WHAT YOU SHOULD DO:
Leaving out every line before the one with "this 1038×590 image.", write out the rest of the records below exactly.

SOURCE RECORDS:
★ ★ ★ ★
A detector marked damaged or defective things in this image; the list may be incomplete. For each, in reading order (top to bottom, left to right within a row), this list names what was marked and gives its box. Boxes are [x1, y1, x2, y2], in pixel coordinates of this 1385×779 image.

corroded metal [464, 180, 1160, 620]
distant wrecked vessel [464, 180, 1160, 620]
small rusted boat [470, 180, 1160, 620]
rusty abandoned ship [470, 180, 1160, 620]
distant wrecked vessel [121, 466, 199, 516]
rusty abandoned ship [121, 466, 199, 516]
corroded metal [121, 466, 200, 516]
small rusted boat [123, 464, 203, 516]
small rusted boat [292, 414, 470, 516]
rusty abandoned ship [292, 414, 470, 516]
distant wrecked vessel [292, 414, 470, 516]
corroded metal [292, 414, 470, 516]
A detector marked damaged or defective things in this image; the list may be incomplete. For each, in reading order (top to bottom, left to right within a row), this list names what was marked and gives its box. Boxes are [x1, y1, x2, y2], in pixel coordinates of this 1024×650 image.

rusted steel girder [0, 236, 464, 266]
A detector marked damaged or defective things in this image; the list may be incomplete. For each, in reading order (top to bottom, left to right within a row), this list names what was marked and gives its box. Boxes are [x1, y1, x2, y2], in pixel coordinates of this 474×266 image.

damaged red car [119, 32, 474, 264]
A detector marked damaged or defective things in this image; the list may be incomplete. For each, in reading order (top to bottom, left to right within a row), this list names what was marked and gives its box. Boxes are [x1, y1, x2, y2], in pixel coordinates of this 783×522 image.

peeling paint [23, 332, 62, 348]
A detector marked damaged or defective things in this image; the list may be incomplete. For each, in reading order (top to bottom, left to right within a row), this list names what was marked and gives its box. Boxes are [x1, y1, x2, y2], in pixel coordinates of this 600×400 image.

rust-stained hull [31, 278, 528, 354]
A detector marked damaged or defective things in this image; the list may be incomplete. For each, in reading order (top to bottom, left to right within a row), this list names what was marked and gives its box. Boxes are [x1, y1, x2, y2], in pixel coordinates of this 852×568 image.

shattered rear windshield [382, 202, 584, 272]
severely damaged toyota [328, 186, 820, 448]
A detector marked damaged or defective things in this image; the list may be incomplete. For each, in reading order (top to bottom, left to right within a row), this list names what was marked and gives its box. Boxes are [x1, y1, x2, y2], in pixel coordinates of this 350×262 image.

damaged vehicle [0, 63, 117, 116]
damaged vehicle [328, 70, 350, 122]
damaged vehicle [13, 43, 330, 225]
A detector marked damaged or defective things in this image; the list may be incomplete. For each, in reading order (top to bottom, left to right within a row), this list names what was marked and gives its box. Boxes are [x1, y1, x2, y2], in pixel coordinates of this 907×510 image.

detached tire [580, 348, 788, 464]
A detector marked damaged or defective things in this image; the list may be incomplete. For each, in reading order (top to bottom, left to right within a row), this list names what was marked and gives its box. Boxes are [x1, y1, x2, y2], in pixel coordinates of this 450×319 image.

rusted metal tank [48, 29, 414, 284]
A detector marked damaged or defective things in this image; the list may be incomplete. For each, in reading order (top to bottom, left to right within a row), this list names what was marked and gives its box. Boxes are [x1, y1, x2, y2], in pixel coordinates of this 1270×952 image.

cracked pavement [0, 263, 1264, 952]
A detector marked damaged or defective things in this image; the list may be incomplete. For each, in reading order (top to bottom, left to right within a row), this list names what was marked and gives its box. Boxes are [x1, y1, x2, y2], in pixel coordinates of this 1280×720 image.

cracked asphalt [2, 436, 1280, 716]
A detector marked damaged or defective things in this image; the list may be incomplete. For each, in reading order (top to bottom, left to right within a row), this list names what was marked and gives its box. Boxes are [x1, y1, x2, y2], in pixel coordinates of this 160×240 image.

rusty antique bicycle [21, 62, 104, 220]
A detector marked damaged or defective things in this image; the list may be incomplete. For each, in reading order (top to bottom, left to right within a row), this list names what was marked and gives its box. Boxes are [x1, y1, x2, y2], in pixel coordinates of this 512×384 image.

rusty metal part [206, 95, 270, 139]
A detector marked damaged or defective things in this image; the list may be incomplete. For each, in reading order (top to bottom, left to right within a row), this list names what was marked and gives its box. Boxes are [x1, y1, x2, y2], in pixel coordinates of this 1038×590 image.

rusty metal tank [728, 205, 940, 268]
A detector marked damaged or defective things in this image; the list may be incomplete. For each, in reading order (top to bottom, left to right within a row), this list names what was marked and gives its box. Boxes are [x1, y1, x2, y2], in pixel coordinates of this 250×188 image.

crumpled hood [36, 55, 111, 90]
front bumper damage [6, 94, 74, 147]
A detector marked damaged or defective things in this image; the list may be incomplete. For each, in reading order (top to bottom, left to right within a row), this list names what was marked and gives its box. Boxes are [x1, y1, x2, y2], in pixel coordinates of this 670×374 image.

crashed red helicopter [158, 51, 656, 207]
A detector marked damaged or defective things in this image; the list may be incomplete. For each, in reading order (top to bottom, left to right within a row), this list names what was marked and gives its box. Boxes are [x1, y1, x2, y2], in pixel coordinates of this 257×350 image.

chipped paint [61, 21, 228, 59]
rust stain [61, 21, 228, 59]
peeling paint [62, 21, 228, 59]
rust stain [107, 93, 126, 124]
★ ★ ★ ★
RESULT FOR THIS EXERCISE:
A detector marked damaged or defective things in this image; the list may be incomplete. For each, in reading order (top to bottom, left to right within a row), this list names what was marked and gives its box. Boxes are [x1, y1, x2, y2], in pixel coordinates of this 1038×590 image.

rusty metal tank [728, 205, 940, 268]
A detector marked damaged or defective things in this image; the list may be incomplete. For each, in reading order (top to bottom, left to right within a row), this list names what was marked and gives its box. Boxes are [x1, y1, x2, y2], in pixel coordinates of this 250×188 image.

crumpled hood [36, 55, 111, 90]
front bumper damage [6, 94, 74, 147]
A detector marked damaged or defective things in this image; the list may be incomplete. For each, in reading order (top to bottom, left to right within a row), this list names what was marked and gives its box. Boxes are [x1, y1, x2, y2], in pixel coordinates of this 670×374 image.

crashed red helicopter [158, 51, 656, 207]
A detector marked damaged or defective things in this image; the list may be incomplete. For each, in reading order (top to bottom, left to right within a row), this list names what was marked and gives its box. Boxes are [x1, y1, x2, y2], in pixel coordinates of this 257×350 image.

chipped paint [61, 21, 228, 59]
rust stain [61, 21, 228, 59]
peeling paint [62, 21, 228, 59]
rust stain [107, 93, 126, 124]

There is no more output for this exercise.